L’image recèle différents niveaux de lecture. Tout d’abord elle fait référence à l’ouvrage de Franz Fanon, Peau Noire, Masques Blancs paru en 1952. Un ouvrage essentiel pour la construction des études postcoloniales. Fanon y examine les rapports entre les Noirs et les Blancs du point de vue de sa propre expérience et du point de vue de l’histoire. Il étudie les différences de point de vue, les rapports de force, les conséquences psychologiques, la présupposée hiérarchie entre les races et les sociétés. En pleine période de décolonisation, Fanon fouille le racisme, ses origines et sa persistance. L’autoportrait de Zanele Muholi appuie sur la persistance d’une haine (d’une peur) de l’autre.

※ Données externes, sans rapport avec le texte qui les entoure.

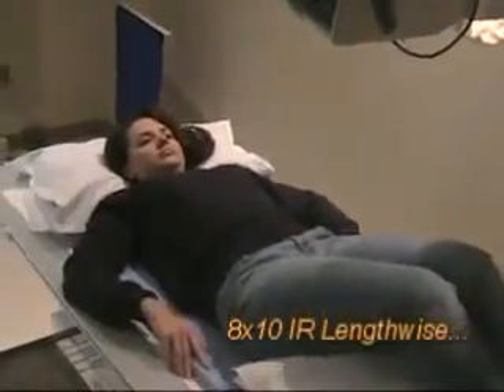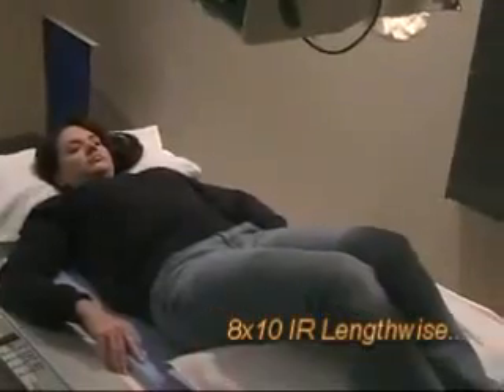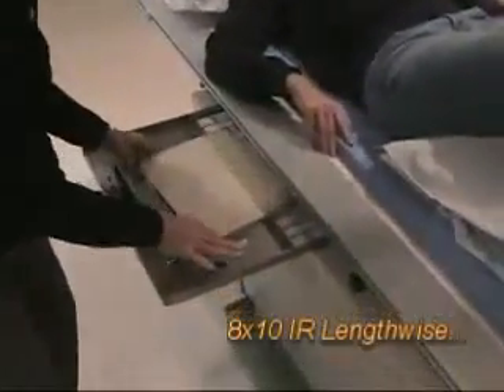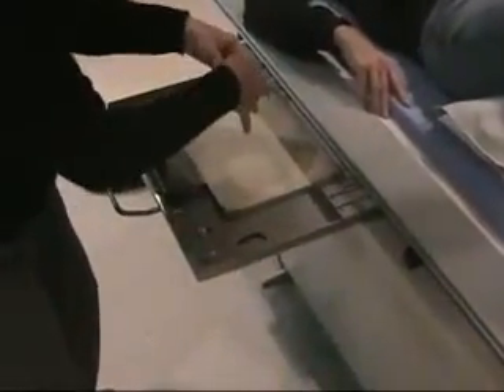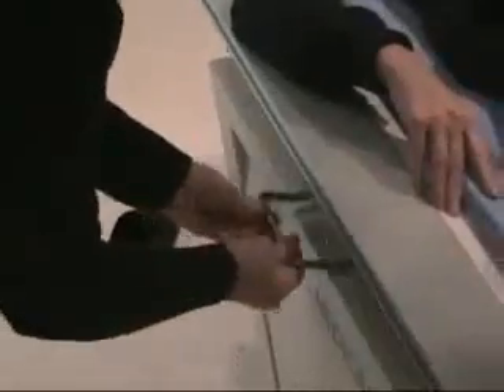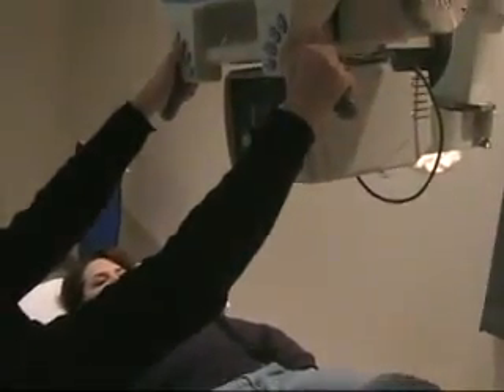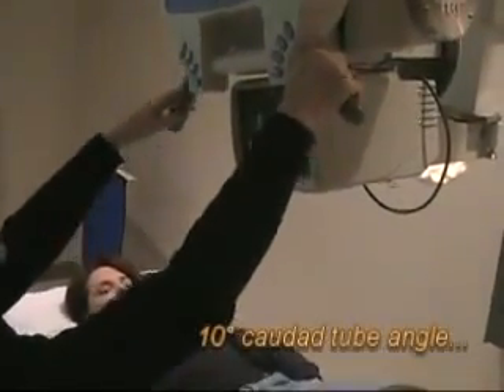For the coccyx — and remember how small the coccyx is — we're going to go back to our 8x10. This is the one without a locker but went to the bottom. We're probably going to comb just a little bit on this one. So now for the coccyx, we want to go back the other way. We want to angle the coccyx at 10 degrees.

L’ouvrage de Fanon se termine par une « ultime prière » : « Ô mon corps, fais de moi toujours un homme qui interroge ! ». Zanele Muholi nous interpelle. L’image nous amène aussi vers le combat de l’artiste : documenter et informer sur la situation des lesbiennes noires en Afrique du Sud. Depuis le début des années 2000, elle déploie un travail politique et militant, en portant son attention et toute son énergie sur la communauté lesbiennes noires. Elle va à la rencontre de ce qu’elle appelle les Black Queers, des femmes qui ne se conforment pas aux attentes de la société traditionnelle africaine. Des femmes méprisées, à qui elle donne un visage, une visibilité. Elles vivent en marge de la société et sont les victimes de crimes ultraviolents visant à une « rééducation » par la force. Elles sont les victimes d’un schéma sociétal hétéro-patriarcal ne leur autorisant aucun droit, aucune liberté. Parquées à l’extérieur des centres-villes, elles subissent un effacement social. Si l’Afrique du Sud postapartheid a mis en avant le souhait d’une société arc-en-ciel, le constat est terrifiant, la différence sexuelle est réprimée. Une injustice contre laquelle Zanele Muholi s’attaque avec ténacité et pertinence dans son travail photographique. Avec les autres femmes de la communauté, elle dénonce le désengagement de l’État, de la police et de la justice, qui ont abandonné leurs citoyennes. Elles luttent contre une indifférence générale et une brutalité systémique.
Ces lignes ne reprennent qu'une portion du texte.